Entretanto, como o imputado crime de tráfico ilícito de estupefacientes da recorrente será objecto de novo julgamento, é necessário decidir da suspensão da referida pena de seis meses de prisão do crime de consumo ilícito de estupefaciente.
Pois bem, estando agora em causa apenas este crime de consumo da recorrente, mostra-se possível a suspensão da sua execução, por dezoito meses, nos termos do art.o 48.o, n.o 1, do CP (mas sem prejuízo da eventual necessidade de operação de cúmulo jurídico no novo julgamento no Tribunal Judicial de Base, consoante o resultado concreto do novo julgamento).

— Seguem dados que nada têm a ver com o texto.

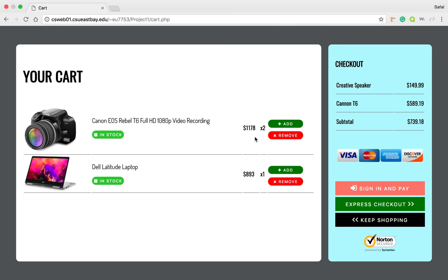So when I add to cart, what it does is it just changes it to two, and then also you can see the price updated.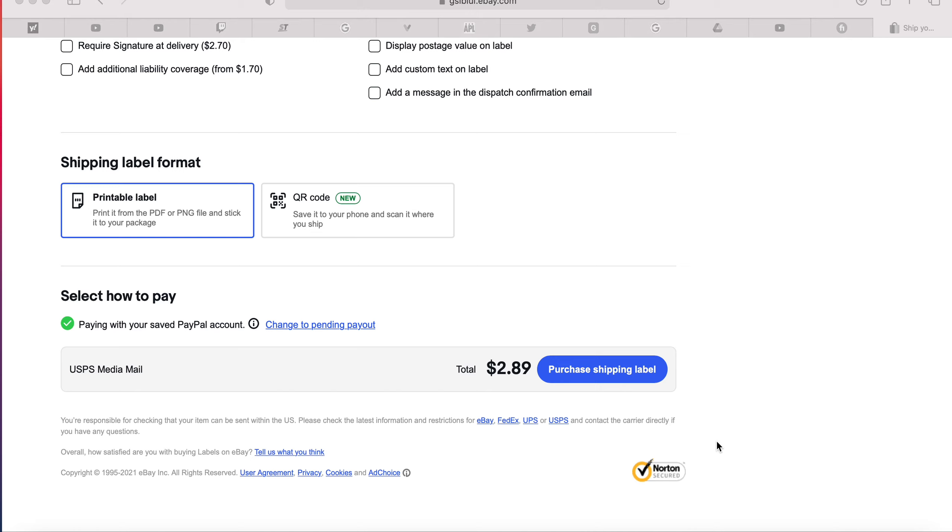Hi guys, I have another eBay video for you if you are under managed payments, but you find that you're paying for your shipping with PayPal and you're confused.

Em suma, procede parcialmente o recurso.
IV – DECISÃO
Dest’arte, acordam em julgar parcialmente provido o recurso, determinando, por conseguinte, o reenvio do objecto do processo para novo julgamento, apenas na parte respeitante ao crime de tráfico ilícito de estupefacientes então imputado à 4.a arguida recorrente, sendo intacta a pena de seis meses de prisão aplicada no acórdão recorrido ao seu crime de de consumo ilícito de estupefaciente, pena essa que se suspensa por dezoito meses (sem prejuízo da eventual necessidade de operação de cúmulo jurídico no novo julgamento acima ordenado, consoante o resultado concreto do novo julgamento).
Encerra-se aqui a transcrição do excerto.